Symptoms of neonatal gastric perforation Common symptoms Refusal of abdominal pain, nausea, phlegm, venting, abdominal wall, venous distraction, mobile, voiced, peritonitis, gastric wall, muscular layer defect, edema

There is no obvious prodromal symptoms in this disease. A small number of sick children have nausea, vomiting and refusal. The vomit is mucus and milk. It may be accompanied by a small amount of bloody liquid or coffee-like substance. Generally, there may be feces discharged, but as the disease progresses, Paralytic ileus appears, stop defecation, venting, and even discharge blood.

After the rupture of the stomach, a large amount of gas enters the abdominal cavity, and the diaphragm rises and affects the ventilation. The child shows cyanosis of the lips and difficulty breathing. Due to diffuse peritonitis, a large amount of toxin is absorbed by the peritoneum, and toxic shock can occur, and there is paleness, cyanosis, and cold limbs. And skin pattern, etc., abdominal abdomen, abdominal wall venous engorgement, abdominal wall edema or accompanied by muscle tension, full abdominal sputum drum sound, liver dullness disappeared, there may be mobile dullness and bowel sounds disappear.

Examine

Neonatal gastric perforation

1. Abdominal X-ray examination: the diaphragm of the standing position can be seen on both sides of the diaphragm, the liver and spleen shadow are located on both sides of the middle and abdomen spine, a large amount of free gas under the armpit, especially on the right side, can occupy 2/3 of the whole abdomen. And there is a large amount of liquid volume in the lower abdomen, so a gas-liquid plane across the entire abdomen can be seen.

Many authors believe that there is no obvious clinical manifestation or X-ray signs in the early stage of spontaneous gastrointestinal perforation in low birth weight infants. Judy reported 6 cases of very low-weight children with gastric perforation. X-ray abdominal examination did not find underarm free gas in 5 cases, thus diagnosis It has certain difficulties, but timed repetitive filming and abdominal puncture can help to diagnose quickly.

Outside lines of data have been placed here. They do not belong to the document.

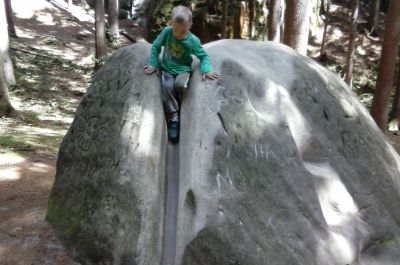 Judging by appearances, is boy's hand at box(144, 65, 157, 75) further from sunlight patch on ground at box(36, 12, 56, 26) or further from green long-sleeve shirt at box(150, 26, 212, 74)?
sunlight patch on ground at box(36, 12, 56, 26)

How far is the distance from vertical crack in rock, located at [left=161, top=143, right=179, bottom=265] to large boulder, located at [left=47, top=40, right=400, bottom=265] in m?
0.05

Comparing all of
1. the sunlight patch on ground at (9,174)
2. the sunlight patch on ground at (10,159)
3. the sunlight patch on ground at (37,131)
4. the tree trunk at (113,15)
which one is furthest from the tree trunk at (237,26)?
the sunlight patch on ground at (9,174)

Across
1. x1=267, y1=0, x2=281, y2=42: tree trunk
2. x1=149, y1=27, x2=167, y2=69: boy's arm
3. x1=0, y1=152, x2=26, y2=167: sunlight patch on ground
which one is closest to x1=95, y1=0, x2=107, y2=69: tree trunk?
x1=267, y1=0, x2=281, y2=42: tree trunk

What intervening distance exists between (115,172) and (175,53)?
1.59 metres

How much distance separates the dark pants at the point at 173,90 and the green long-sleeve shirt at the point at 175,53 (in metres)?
0.09

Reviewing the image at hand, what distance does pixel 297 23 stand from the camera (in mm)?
8188

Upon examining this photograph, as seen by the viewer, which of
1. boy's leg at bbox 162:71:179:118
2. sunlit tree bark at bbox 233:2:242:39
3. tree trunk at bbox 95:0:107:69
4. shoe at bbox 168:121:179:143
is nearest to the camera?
boy's leg at bbox 162:71:179:118

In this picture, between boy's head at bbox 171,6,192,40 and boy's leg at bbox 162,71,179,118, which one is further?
boy's leg at bbox 162,71,179,118

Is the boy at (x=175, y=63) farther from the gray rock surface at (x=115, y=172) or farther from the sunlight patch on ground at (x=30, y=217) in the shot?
the sunlight patch on ground at (x=30, y=217)

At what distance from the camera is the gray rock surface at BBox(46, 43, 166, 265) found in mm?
4578

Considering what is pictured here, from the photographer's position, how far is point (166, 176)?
5.00 metres

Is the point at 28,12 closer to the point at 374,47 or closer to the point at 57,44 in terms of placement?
the point at 57,44

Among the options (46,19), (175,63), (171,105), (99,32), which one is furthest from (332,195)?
(46,19)

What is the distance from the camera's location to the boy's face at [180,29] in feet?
16.0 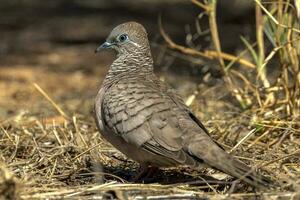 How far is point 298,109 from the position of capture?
6176 millimetres

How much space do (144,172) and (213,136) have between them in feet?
3.64

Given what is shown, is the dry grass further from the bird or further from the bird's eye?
the bird's eye

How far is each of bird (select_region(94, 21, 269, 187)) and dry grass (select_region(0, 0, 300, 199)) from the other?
0.55 feet

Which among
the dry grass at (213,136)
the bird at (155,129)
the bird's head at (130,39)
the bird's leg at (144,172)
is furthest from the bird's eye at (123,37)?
the bird's leg at (144,172)

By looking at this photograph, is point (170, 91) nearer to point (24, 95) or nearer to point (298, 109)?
point (298, 109)

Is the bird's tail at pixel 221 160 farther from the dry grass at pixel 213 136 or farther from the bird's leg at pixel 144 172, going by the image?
the bird's leg at pixel 144 172

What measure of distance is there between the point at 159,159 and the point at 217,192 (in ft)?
1.38

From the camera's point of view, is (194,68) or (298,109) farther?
(194,68)

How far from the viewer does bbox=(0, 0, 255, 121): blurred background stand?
8.65 metres

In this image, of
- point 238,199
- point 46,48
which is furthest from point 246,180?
point 46,48

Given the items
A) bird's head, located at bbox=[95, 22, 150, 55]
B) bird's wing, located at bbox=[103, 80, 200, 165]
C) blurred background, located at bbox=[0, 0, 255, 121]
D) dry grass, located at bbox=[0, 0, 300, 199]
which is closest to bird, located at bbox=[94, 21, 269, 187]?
bird's wing, located at bbox=[103, 80, 200, 165]

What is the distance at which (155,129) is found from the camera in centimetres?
477

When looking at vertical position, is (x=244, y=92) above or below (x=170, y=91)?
below

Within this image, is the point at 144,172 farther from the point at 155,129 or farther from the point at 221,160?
the point at 221,160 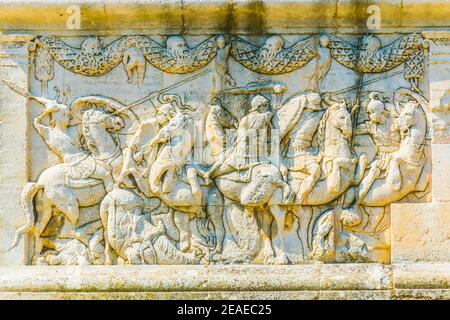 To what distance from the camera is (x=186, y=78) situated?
1414 centimetres

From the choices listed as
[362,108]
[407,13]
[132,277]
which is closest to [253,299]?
[132,277]

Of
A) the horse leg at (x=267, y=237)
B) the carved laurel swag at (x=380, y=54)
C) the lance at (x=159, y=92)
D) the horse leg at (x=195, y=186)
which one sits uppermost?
the carved laurel swag at (x=380, y=54)

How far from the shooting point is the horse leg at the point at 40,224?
14.0 metres

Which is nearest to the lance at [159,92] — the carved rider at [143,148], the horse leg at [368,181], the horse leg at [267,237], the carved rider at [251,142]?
the carved rider at [143,148]

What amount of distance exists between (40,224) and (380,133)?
3.44 meters

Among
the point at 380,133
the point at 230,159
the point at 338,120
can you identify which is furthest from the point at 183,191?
the point at 380,133

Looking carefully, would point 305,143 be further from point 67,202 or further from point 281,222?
point 67,202

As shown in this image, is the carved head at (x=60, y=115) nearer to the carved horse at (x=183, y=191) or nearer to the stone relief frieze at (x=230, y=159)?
the stone relief frieze at (x=230, y=159)

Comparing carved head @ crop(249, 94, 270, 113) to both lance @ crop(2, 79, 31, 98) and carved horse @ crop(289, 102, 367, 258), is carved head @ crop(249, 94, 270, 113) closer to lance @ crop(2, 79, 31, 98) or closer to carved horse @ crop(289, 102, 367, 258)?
carved horse @ crop(289, 102, 367, 258)

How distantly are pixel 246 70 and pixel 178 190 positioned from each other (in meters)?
1.36

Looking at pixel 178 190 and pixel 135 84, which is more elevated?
pixel 135 84

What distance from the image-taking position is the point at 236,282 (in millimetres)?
13688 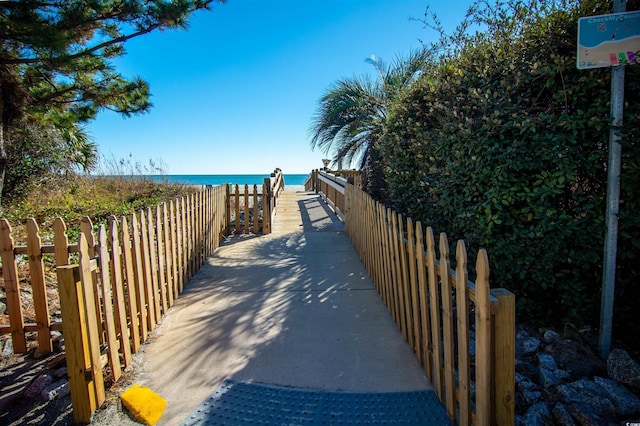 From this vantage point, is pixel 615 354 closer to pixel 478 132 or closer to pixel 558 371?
pixel 558 371

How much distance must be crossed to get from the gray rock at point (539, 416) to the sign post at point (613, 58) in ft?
3.37

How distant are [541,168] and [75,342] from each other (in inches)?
140

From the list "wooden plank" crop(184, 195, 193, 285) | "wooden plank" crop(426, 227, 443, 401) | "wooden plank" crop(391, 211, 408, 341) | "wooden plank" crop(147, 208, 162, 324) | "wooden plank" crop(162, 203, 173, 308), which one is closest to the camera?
"wooden plank" crop(426, 227, 443, 401)

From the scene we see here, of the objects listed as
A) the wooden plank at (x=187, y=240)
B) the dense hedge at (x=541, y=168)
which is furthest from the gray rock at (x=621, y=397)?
the wooden plank at (x=187, y=240)

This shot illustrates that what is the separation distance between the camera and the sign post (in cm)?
241

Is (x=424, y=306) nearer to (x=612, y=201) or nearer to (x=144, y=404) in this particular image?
(x=612, y=201)

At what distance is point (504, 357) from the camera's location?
1971mm

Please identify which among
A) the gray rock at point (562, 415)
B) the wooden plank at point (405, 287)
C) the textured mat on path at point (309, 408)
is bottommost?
the textured mat on path at point (309, 408)

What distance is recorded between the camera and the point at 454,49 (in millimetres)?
4297

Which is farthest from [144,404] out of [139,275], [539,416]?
[539,416]

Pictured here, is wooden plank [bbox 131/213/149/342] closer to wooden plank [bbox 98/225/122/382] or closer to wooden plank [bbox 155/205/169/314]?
wooden plank [bbox 155/205/169/314]

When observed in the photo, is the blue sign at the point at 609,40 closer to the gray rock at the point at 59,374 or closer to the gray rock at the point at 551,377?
the gray rock at the point at 551,377

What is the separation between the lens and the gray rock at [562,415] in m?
2.07

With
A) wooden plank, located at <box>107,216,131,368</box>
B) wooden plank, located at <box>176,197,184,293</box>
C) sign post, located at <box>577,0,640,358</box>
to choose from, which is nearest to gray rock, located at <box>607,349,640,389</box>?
sign post, located at <box>577,0,640,358</box> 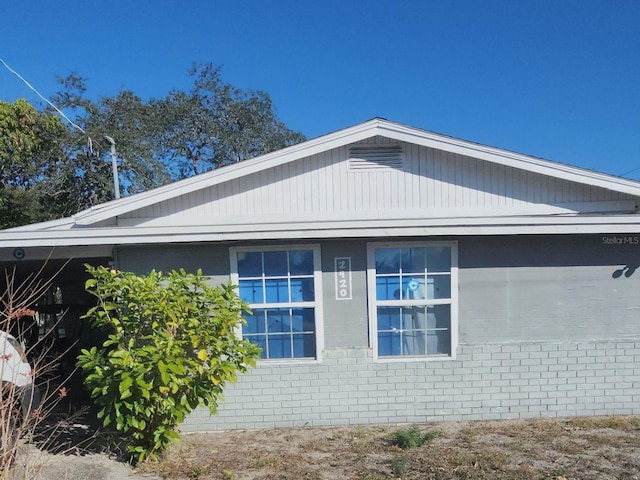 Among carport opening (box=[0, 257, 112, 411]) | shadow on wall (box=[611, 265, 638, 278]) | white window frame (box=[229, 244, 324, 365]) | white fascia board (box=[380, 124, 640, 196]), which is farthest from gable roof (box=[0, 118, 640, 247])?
carport opening (box=[0, 257, 112, 411])

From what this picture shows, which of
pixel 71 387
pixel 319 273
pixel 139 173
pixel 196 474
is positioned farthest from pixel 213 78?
pixel 196 474

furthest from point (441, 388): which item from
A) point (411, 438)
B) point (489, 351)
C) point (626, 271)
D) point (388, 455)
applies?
point (626, 271)

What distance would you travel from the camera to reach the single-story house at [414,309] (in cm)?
549

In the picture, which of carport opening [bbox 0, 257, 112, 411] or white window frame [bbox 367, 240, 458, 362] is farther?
carport opening [bbox 0, 257, 112, 411]

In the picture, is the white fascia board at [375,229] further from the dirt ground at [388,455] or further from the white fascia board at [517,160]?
the dirt ground at [388,455]

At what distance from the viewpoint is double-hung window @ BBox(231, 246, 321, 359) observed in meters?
5.51

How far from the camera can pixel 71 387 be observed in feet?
25.6

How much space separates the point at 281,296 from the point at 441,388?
231 cm

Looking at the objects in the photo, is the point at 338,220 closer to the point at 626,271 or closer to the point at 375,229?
the point at 375,229

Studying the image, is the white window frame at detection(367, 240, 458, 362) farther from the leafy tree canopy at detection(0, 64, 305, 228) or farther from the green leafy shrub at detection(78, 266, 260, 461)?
the leafy tree canopy at detection(0, 64, 305, 228)

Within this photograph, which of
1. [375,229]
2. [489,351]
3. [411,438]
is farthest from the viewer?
[489,351]

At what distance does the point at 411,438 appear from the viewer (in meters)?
4.84

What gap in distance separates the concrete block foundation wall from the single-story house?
1cm

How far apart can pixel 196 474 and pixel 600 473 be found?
3800mm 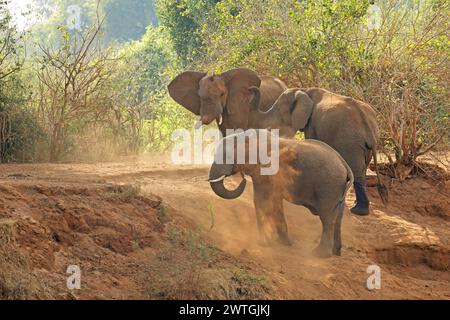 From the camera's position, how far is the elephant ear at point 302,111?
1036cm

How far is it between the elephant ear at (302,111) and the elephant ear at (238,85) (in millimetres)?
1410

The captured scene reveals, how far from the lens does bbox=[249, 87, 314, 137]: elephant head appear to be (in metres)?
10.4

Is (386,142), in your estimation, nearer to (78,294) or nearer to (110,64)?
(110,64)

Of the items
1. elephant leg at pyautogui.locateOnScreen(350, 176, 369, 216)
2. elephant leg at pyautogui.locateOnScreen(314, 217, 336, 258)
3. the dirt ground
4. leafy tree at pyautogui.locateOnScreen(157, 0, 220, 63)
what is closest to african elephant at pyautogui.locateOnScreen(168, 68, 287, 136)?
the dirt ground

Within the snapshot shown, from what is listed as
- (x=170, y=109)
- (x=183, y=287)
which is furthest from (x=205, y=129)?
(x=183, y=287)

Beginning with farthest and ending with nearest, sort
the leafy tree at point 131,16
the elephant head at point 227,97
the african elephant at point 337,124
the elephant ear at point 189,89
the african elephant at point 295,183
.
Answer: the leafy tree at point 131,16 → the elephant ear at point 189,89 → the elephant head at point 227,97 → the african elephant at point 337,124 → the african elephant at point 295,183

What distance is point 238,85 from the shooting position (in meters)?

2. Abdominal puncture experience of Kosloske and Lilly, after the skin preparation with the disinfectant for the flank, insert the 22 or 25 needle, and then connect the syringe. If the needle retreats, it indicates that there is gas. This process is safe. However, it must be noted that the free gas in the abdominal cavity does not necessarily indicate the perforation of the digestive tract. It may occur in the infection of the whole abdomen or abdominal cavity caused by alveolar rupture, and may not even find the cause.

Diagnosis

Diagnosis and differentiation of neonatal gastric perforation

Diagnosis depends mainly on clinical manifestations, 2 to 7 days after birth, sudden abdominal pain, diffuse peritonitis, abdominal plain film showing a large amount of free gas under the eyes.

It should be distinguished from fecal peritonitis. In the fecal peritonitis, the diaphragm is stuck with the liver. There is no or only a small amount of free gas in the right axilla. The small intestine is located in the middle of the abdomen and sticks into a group. Therefore, there is only a small gas-liquid plane in the abdominal plain film. The calcification point can be seen.